DANUZA
LEÃO
Entendendo o
outro
Nada
melhor do que não ter nenhuma responsabilidade pessoal e ter a quem culpar por
tudo que ocorre de ruim
Depois
que a psicanálise ficou ao alcance de todos, os filhos deitaram e rolaram nos
divãs para falar mal do pai e da mãe; sempre com razão, aliás, e sem o menor
resultado, aliás também.
Quem
são os culpados dos sucessivos casamentos que não deram certo? Os pais, é
claro. Ou porque não tiveram a coragem de se separar, mesmo vivendo mal, ou
porque se separaram, o que pode ter sido visto como modelo a ser seguido.
Se a
mãe foi uma mulher resignada, dominada pelo marido, que não lutou por sua
independência nem procurou o seu caminho, a filha pode se tornar uma adulta
igual ou virar o oposto: uma vadia que troca de homem como se troca de camisa.
Se
essas filhas tiveram um pai que era um marido exemplar, podem passar a vida
perseguindo a imagem paterna ou, ao contrário, um grande cafajeste, para serem
diferentes da mãe. Culpa de quem? Nem é preciso dizer.
Já
se o pai foi um derrotado que passou a vida infeliz no mesmo emprego medíocre
para dar segurança à família, os filhos podem no futuro ser ou exatamente
iguais ou fazer qualquer coisa para ganhar um dinheiro fácil, e terminar até na
cadeia.

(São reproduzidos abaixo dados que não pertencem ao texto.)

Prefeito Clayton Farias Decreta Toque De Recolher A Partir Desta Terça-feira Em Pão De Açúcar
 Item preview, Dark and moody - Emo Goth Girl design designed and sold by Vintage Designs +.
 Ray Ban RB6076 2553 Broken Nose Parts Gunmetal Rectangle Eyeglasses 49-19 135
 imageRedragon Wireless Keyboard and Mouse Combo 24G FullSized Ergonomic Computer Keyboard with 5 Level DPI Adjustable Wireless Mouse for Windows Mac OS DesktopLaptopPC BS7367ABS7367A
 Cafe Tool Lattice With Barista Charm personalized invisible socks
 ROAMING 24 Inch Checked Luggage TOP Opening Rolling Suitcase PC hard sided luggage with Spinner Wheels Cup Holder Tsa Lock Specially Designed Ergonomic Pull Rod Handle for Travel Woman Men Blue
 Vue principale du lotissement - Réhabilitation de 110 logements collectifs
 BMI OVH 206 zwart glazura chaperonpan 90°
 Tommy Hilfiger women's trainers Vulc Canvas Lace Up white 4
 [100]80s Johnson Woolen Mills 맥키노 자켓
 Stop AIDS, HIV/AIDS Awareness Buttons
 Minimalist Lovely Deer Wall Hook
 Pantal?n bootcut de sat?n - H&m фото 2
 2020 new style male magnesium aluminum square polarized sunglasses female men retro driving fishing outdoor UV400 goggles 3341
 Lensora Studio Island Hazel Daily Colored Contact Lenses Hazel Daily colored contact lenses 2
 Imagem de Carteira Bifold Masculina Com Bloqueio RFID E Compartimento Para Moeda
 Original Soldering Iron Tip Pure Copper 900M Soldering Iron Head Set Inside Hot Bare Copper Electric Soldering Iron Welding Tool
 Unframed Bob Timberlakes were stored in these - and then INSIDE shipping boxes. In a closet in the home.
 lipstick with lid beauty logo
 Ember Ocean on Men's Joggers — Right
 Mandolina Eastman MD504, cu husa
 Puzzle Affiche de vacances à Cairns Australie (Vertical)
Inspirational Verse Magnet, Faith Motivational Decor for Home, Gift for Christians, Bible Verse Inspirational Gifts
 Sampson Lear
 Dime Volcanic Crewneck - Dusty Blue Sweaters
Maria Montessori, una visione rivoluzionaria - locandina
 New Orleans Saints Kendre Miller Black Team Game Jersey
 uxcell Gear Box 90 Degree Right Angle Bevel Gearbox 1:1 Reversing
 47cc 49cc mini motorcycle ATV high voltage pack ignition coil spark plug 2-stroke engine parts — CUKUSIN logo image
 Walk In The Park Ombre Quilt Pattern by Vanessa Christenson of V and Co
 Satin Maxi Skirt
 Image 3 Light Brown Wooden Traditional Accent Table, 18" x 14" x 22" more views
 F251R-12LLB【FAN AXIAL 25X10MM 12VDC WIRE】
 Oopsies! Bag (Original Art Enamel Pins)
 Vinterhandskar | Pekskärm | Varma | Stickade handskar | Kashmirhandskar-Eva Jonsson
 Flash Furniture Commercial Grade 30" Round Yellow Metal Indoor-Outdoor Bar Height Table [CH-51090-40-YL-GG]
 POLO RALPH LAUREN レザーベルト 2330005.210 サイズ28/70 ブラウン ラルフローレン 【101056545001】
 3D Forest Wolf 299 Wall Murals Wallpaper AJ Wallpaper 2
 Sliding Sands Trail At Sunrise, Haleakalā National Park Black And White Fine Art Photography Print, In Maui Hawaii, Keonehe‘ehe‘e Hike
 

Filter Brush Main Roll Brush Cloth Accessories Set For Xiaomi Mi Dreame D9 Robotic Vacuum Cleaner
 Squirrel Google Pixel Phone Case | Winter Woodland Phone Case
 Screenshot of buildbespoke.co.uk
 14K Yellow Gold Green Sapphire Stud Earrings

Em qualquer dos casos a culpa foi, é e será, sempre, dos pais.
Já
virou clichê o filho que passa a vida se lamuriando porque a mãe não contava
histórias na hora de dormir, e cujo pai nunca perguntava pelas notas do colégio
quando chegava do trabalho, e ai daqueles que saíam para uma festa quando os
filhos tinham uma febrinha.
Esses
passam a vida sofrendo, e sem razão, pois nada melhor do que não ter nenhuma
responsabilidade pessoal e ter a quem culpar por tudo que acontece de ruim. Mas
nunca nenhum deles parou para pensar como foi a vida desses pais quando
crianças. Como foi a infância deles? Feliz, traumática, triste, infeliz? Terão
eles recebido carinho dos seus próprios pais? Os analistas não costumam abordar
o assunto.
Houve
um tempo -algumas gerações atrás- em que as crianças, quando faziam uma coisa
errada, apanhavam. Quando pequenas levavam palmadas; já maiores, surra de
cinto. Hoje, ai dos pais que perdem a cabeça e cobram boas notas do colégio ou
levantam a voz.
O
caminho é só um: arranjar um psicólogo que as crianças frequentarão três vezes
por semana, além da reunião de família semanal, com o pai, a mãe, a atual
mulher do pai e o atual marido da mãe. Reuniões desse tipo não costumam acabar
bem, claro.
As
crianças modernas não estão interessadas em entender as razões que levaram suas
mães e seus pais a serem menos amorosos ou carinhosos; elas nunca pensaram que
a mãe, com 30 anos, mesmo adorando os filhos, às vezes sufocava quando via um
homem atraente, e que quando assistia a um filme romântico voltava para casa
querendo mandar tudo para o espaço e ir para algum lugar no mundo onde
encontrasse um homem que a olhasse como uma mulher ainda desejada.
Essa
mãe não conseguia nem ao menos entender o que se passava dentro dela; ficava
tudo muito confuso, e naqueles tempos não havia analistas para explicar o que
estava acontecendo (e se já existissem e explicassem, também não resolveria). E
qual o pai que um dia, mesmo amando apaixonadamente seus filhos, não pensou que
talvez ainda fosse muito jovem para tantas responsabilidades, e que teria sido
melhor se tivesse se casado um pouco mais tarde?
Ninguém
quer compreender as razões do outro, e ninguém está interessado em saber se
seus pais tiveram, dos seus pais e mães, o que gostariam de ter tido.
Porque
os pais e mães de nossos pais e mães também tiveram as suas razões, e o mundo
foi, é e será assim para todo o sempre -e amém.